Pictures with short captions:
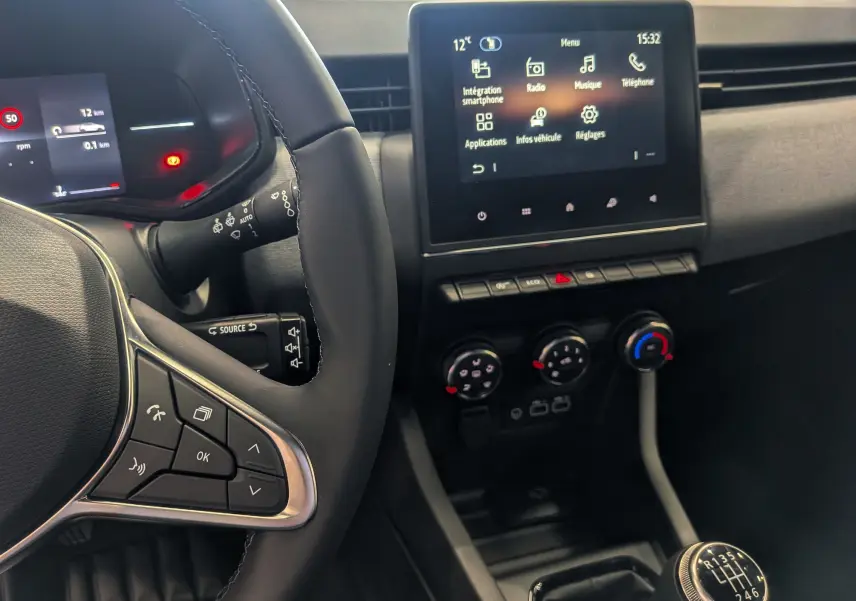 Vue intérieure rapprochée côté conducteur de la Renault Clio V Bleu Iron, avec volant, écran tactile et levier de vitesse manuel visible.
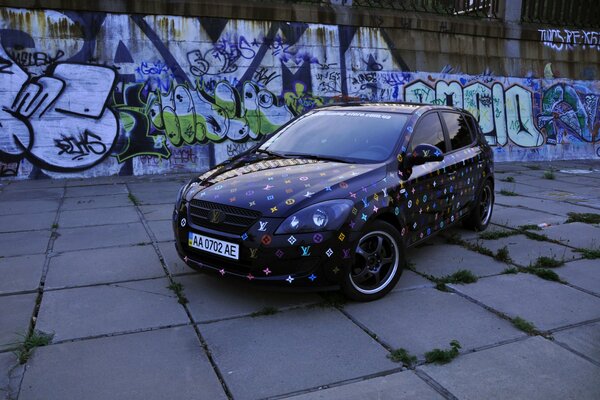 Kia car on the background of colored graffiti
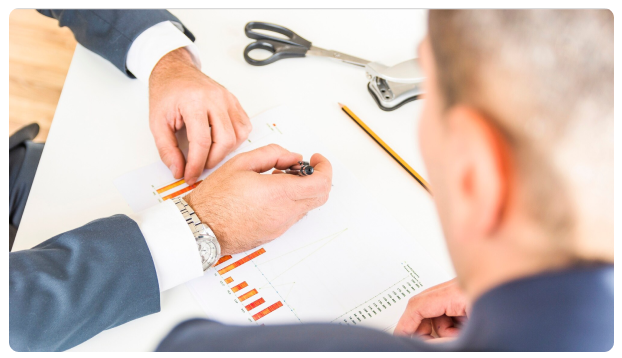 Hands reviewing a bar chart printout with a pen and scissors on a desk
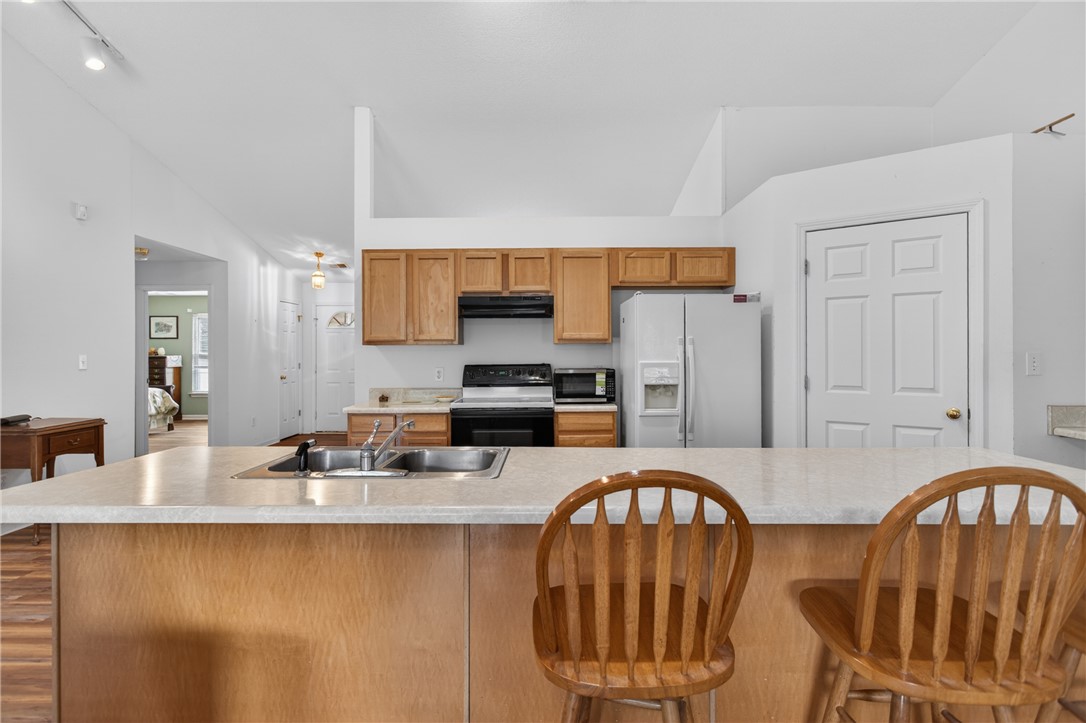 207 Hunters Lane Anderson, SC 29625 - Photo 15 of 46 A well-equipped kitchen offers ample counter space and appliances for daily living.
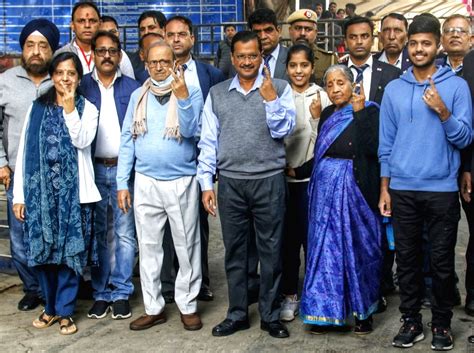 New Delhi : CM Arvind Kejriwal and his family members show their ink ...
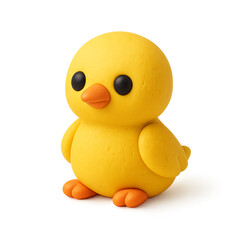 A yellow chick figurine with black eyes and an orange beak sits on a white surface.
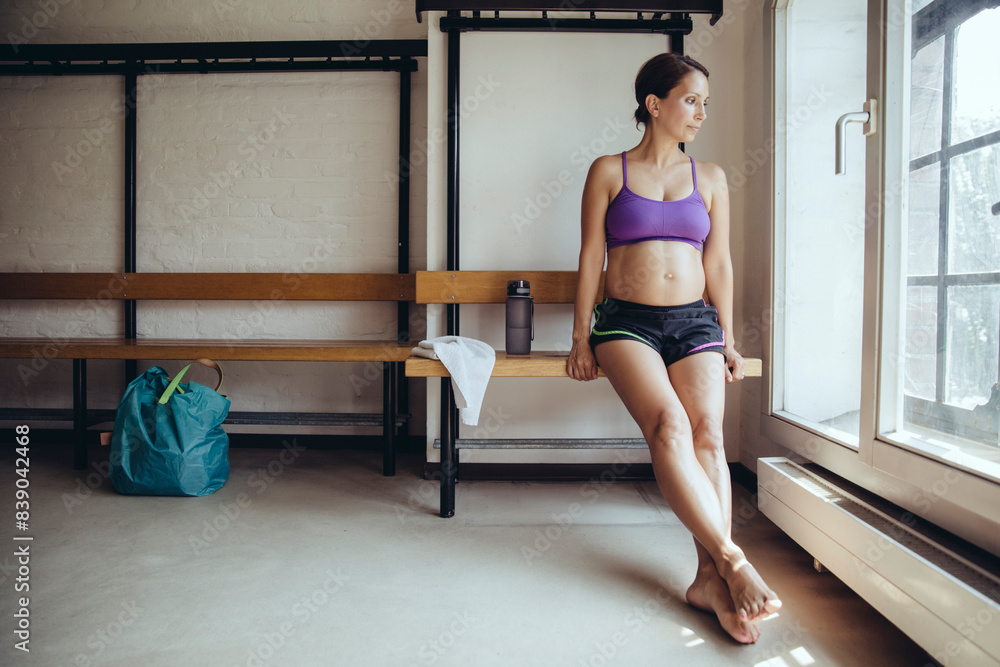 Naklejka premium Sporty pregnant woman sitting in locker room looking out of window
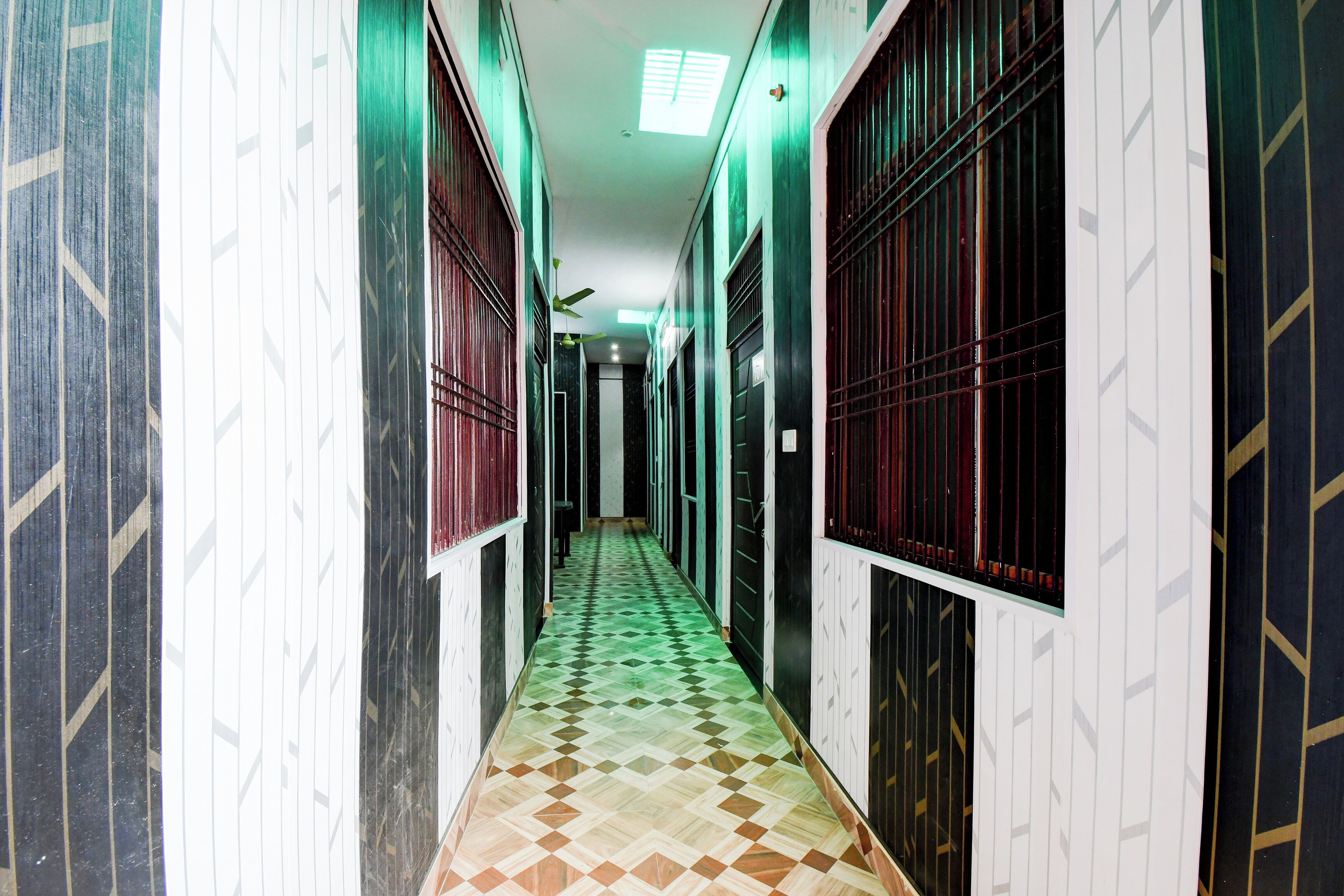 A corridor with patterned walls and doors, leading to a room with a ceiling fan.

◆ **Action item**:
The records above should be returned word for word, with every picture left out.

◆ **Exercise response**:
 Vue intérieure rapprochée côté conducteur de la Renault Clio V Bleu Iron, avec volant, écran tactile et levier de vitesse manuel visible.
 Kia car on the background of colored graffiti
 Hands reviewing a bar chart printout with a pen and scissors on a desk
 207 Hunters Lane Anderson, SC 29625 - Photo 15 of 46 A well-equipped kitchen offers ample counter space and appliances for daily living.
 New Delhi : CM Arvind Kejriwal and his family members show their ink ...
 A yellow chick figurine with black eyes and an orange beak sits on a white surface.
 Naklejka premium Sporty pregnant woman sitting in locker room looking out of window
 A corridor with patterned walls and doors, leading to a room with a ceiling fan.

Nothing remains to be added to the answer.